The SCA voted 4-0 to reverse the staff opinion that a listing under “Top Skills and Expertise”  of wrongful death, personal injury litigation, medical malpractice, automobile accidents, product liability (together with a numeric indicator) violates Rule 4-7.14(a)(4), because the firm states that the information is posted solely by LinkedIn and the firm has no control over the posting.

The SCA voted 4-0 to reverse the staff opinion that a posting of a former firm employee requires the area of certification when indicating board certification under Rule 4-7.14(a)(4) because the firm states that LinkedIn is solely responsible for the appearance of the posting of part of a former firm employee’s profile on the firm’s LinkedIn page and the firm has no control over the posting and cannot modify it.
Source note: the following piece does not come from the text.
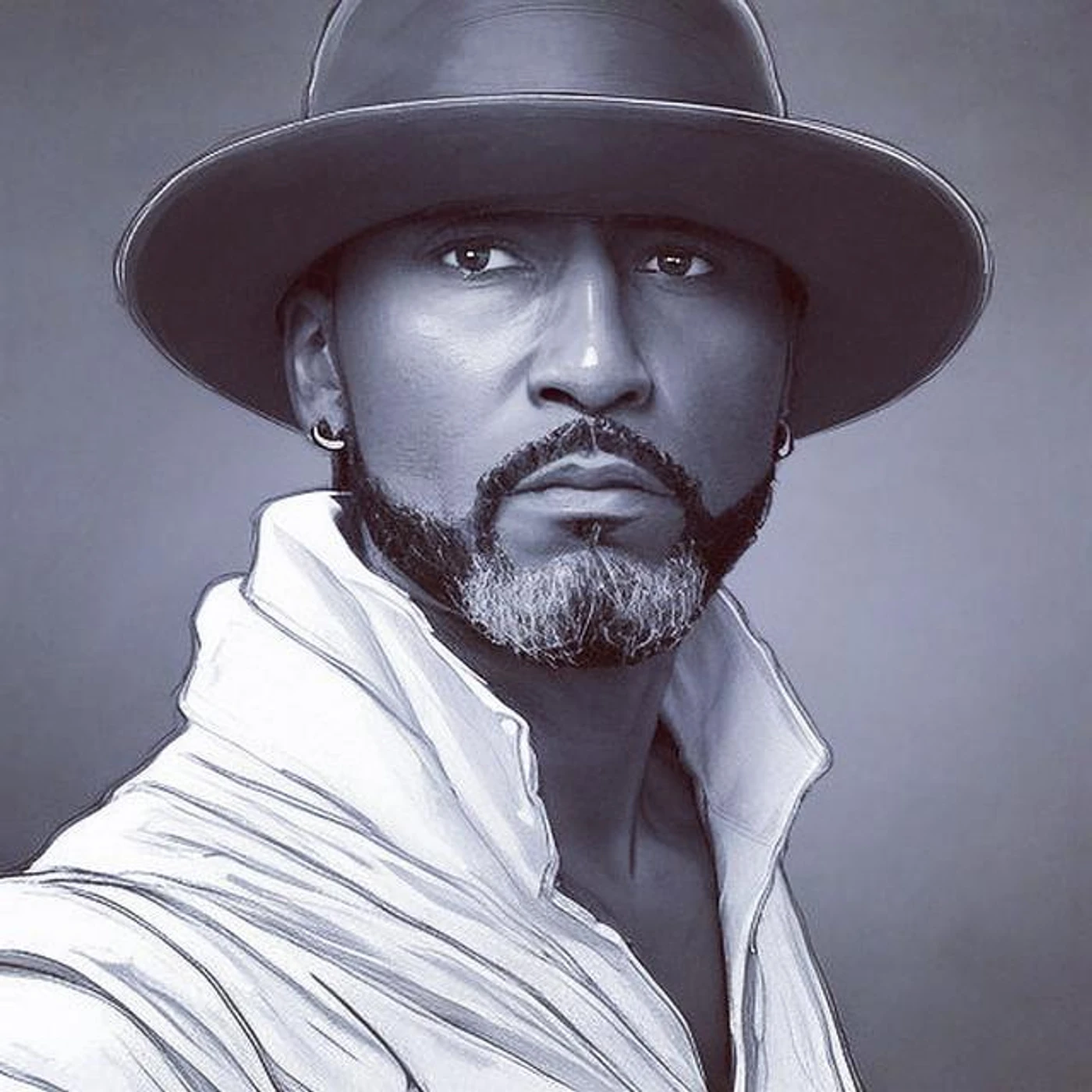 Brother Theodore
The SCA also voted to contact LinkedIn to inform LinkedIn of the problem created for Florida Bar members by LinkedIn choosing the terms “specialties” and “expertise” in parts of LinkedIn profiles without the entity having the ability to modify those terms, in light of Rule Regulating The Florida Bar 4-7.14(a)(4), and to request that LinkedIn change its method of operation to permit modification of those terms by individual entities when creating their profiles.

The SCA also voted 4-0 to request that the Board of Governors direct the committee to issue a formal advisory opinion on LinkedIn, including the “specialties” header, the endorsements feature that shows endorsements for “skills and expertise.”  If the Board of Governors approves the committee’s request to adopt a formal advisory opinion, a notice will be published in the bar News inviting comments by members of The Florida Bar in good standing in accordance with the Florida Bar Procedures for Issuing Advisory Opinions Relating to Lawyer Advertising or Solicitation.
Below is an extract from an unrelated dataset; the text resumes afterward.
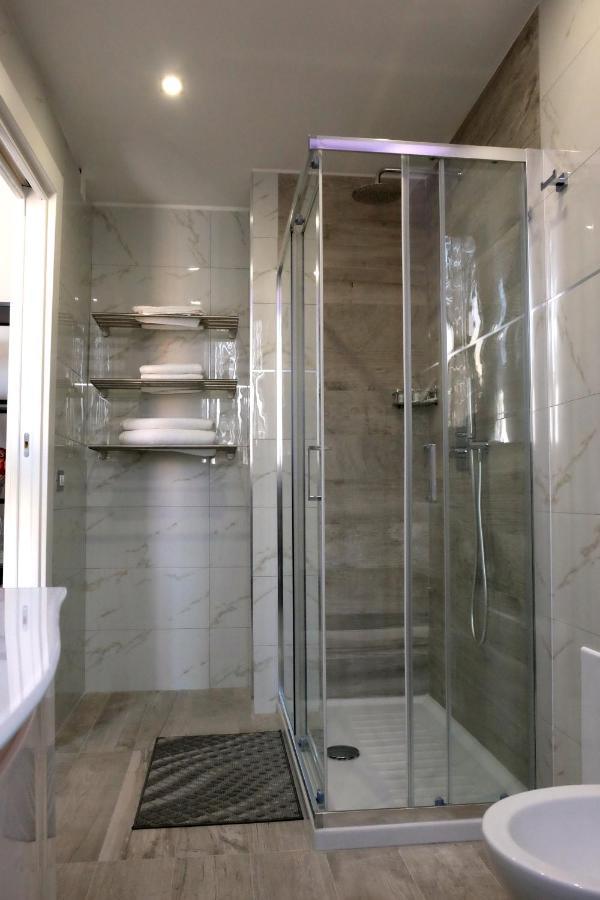 Elegance B&B Naples Luaran gambar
Bottom line:  This decision by the SCA reverses the advertising staff’s opinion and finds that a listing under “Top Skills and Expertise” does not violate Rule 4-7.14(a)(4) and that a posting of a former firm employee requires that does not have the area of certification when indicating board certification does not violate Rule 4-7.14(a)(4); however, it affirms the staff’s opinion that a law firm may not list areas of practice under the header “specialties” even though the word “specialties” is chosen by LinkedIn and cannot be modified by the firm.  In addition, the SCA voted to contact LinkedIn and inform that entity of the problems created for lawyers and also to ask the BOG to request the SCA to issue a formal opinion on the subject.  This appears to be a step in the right direction and I will keep everyone posted when I receive additional information.

Let’s be careful out there!

Disclaimer:  this e-mail does not contain any legal advice and the comments herein should not be relied upon by anyone who reads it.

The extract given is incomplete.